Tuesday, September 05, 2006

The avalanche of African immigrants into the Canary Islands reached a new peak at the weekend, with over 1500 arriving on the beaches there. Nearing its wits’ end [and not getting much sympathy from its EU partners], the Spanish government has said it will soon initiate mass expulsions back to the Dark Continent. I rather had the impression most illegals were already being sent back but I guess this will now be more public. And perhaps more brutal. I wonder what will happen when the immigrants start claiming they’re political refugees and so - under the European Charter of Human Rights - can’t be returned to where they’ll be persecuted. Will Spain take a more relaxed view of this troublesome statute than the UK and its legions of ‘caring’ lawyers?

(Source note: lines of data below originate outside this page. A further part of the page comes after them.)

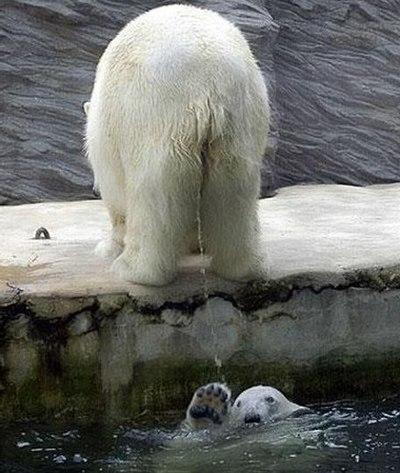 Funny Picture - Polar Bear Shower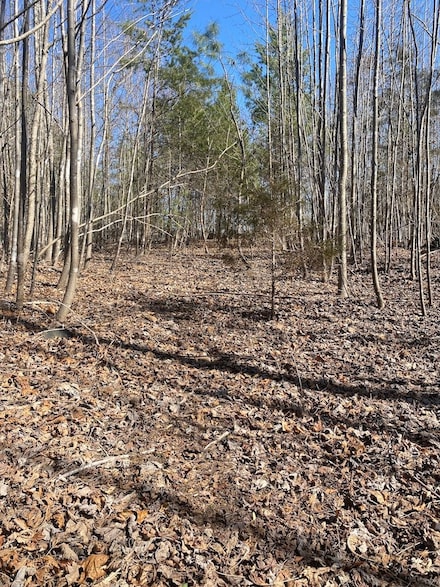 00 N Carolina 18 Unit LotWP002, Vale, NC 28168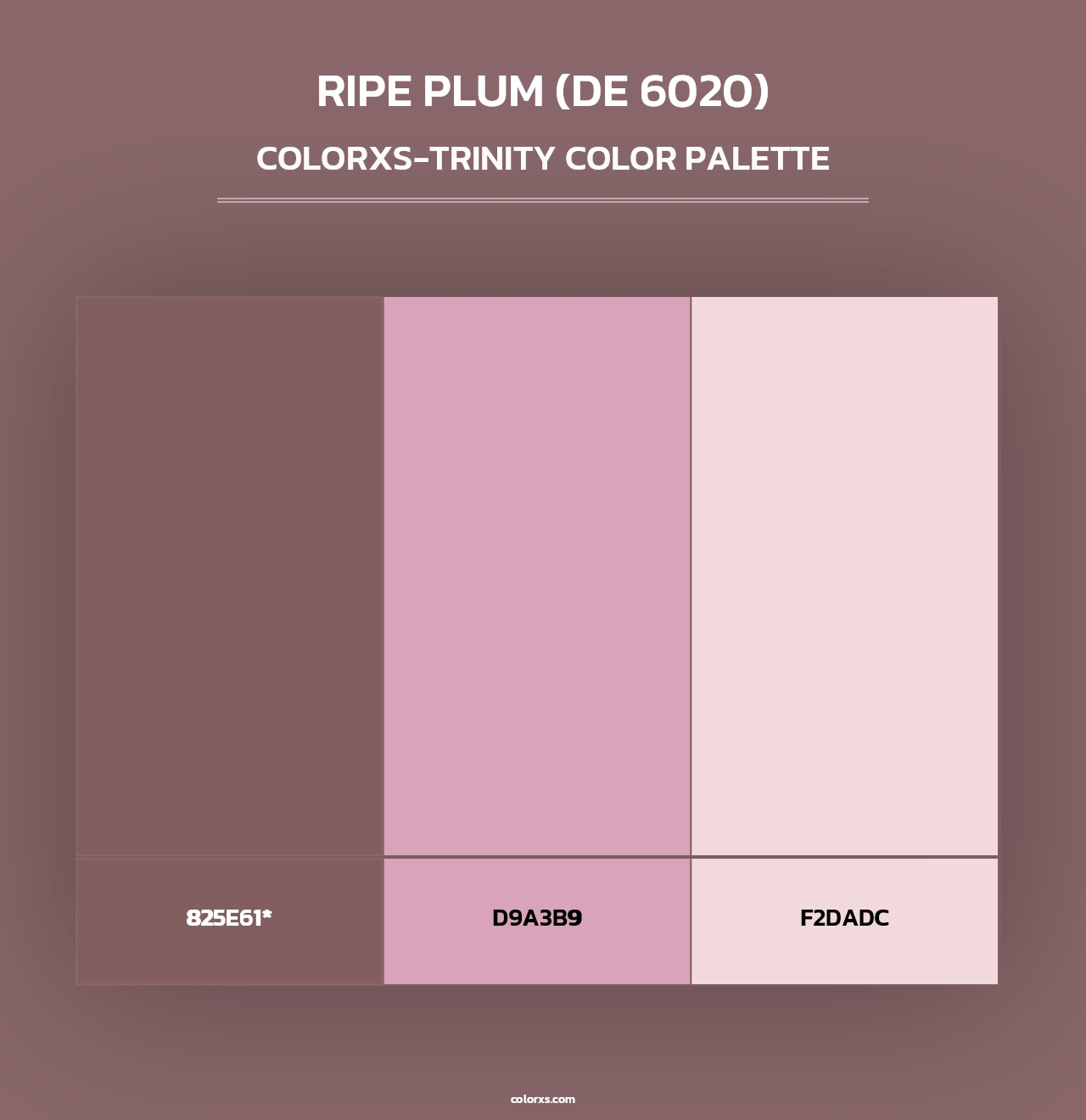 Ripe Plum (DE 6020) - Colorxs Trinity Palette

The President of the Autonomous Community of the Canary Islands has said this problem is surely a matter for the state and for all the regions, not just his. “If the state can’t deal with this sort of thing,” he asked “why does it exist? Well, quite. But it’s interesting to see how much more relevant the state becomes – as in the case of the Galician fires – when a region can’t cope with a disaster.

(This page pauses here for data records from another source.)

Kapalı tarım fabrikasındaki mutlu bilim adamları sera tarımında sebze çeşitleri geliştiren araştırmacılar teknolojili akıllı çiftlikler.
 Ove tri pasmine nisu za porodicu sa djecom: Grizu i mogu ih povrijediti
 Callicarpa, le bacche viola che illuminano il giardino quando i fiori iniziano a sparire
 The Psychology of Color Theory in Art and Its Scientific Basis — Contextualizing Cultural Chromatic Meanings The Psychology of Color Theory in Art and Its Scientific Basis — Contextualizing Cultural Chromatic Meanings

Pressure for independence from Spain comes from within the regions, most particularly from Catalunia and the Basque Country. In the case of the UK, such pressure has traditionally been rather muted in both Scotland and Wales. Indeed, they’ve each got their own parliament/assembly and greater devolved powers only very recently. But they’re now beginning to use these to effect different policies from England. The Scots in particular have decided to give their citizens much wider and less expensive health care and tertiary education. Trouble is, the costs of all this are heavily subsidised by the English. This is beginning to stick in the English craw – especially since Scottish MP’s at Westminster vote on purely English matters – and there’s growing pressure to put an end to this largesse. Who knows, perhaps the small band of Scottish Nationalists may one day achieve their goal of independence. Not because the majority of Scots demand it [they don’t] but because the tight-fisted English thrust it on them. This, of course, is a nightmare scenario for the ambitious, thrusting Scots [Blair, Brown, Reid, Darling, etc.] who currently dominate British politics. And it at least partly explains why the Prime-Minister-in-waiting, Mr Brown, has been spouting about ‘Britishness’ for some time now. He doesn’t want to be thrown out at the next general election just because he’s a ‘bloody Scot”.

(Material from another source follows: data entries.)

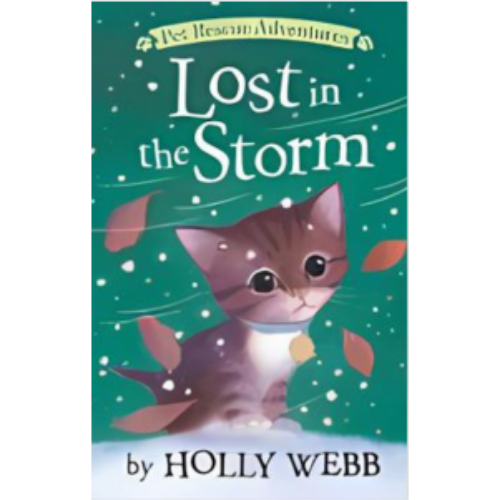 Lost in the Storm Lost in the Storm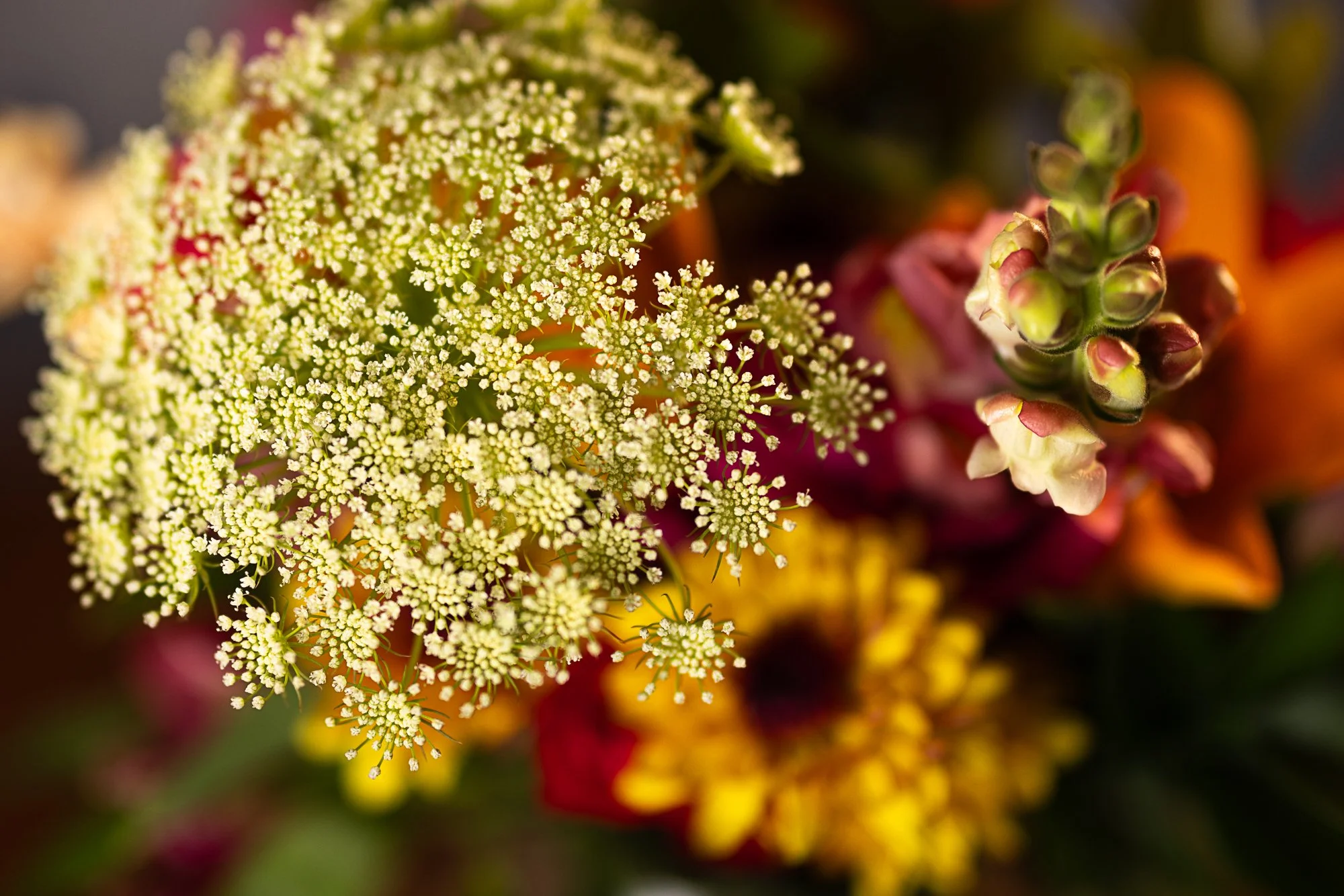 Flower Bouquet - Close up Queen Anne's Lace
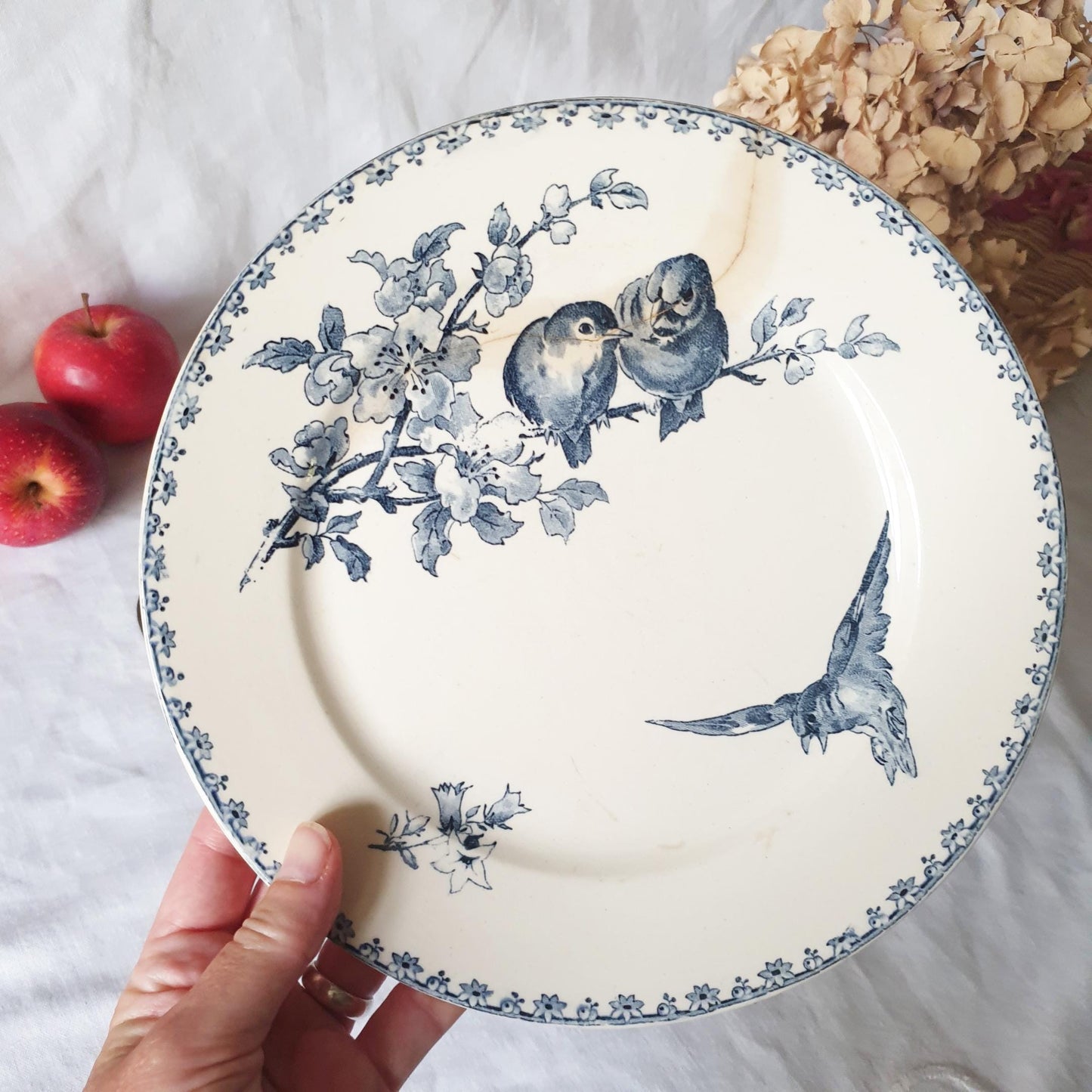 Shabby PAIR of 2 wall plates French antique decor, blue transferware w birds, Sarreguemines France 'Favori' Aesthetic Movement Arts & Crafts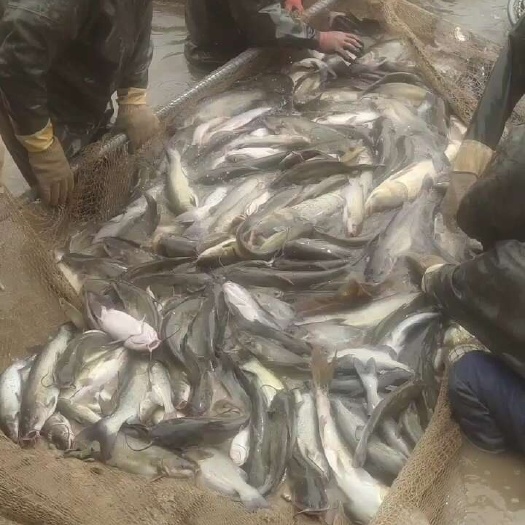 沛县鮰鱼出售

I very much doubt that independence would be welcome to the vast majority of Scots, who’d then have to be more heavily taxed. And I’ve previously compared this situation with that of Galicia. This drives the Galician independistas into paroxysms of rage, as nothing will convince them Galicia won’t become a mighty and prosperous nation once it’s liberated from the yoke of Spanish colonial oppression. So I’m happy to mention it again and now await the wave of insults from ‘independent’ adolescents sitting at their computers in a bedroom in their parents’ house.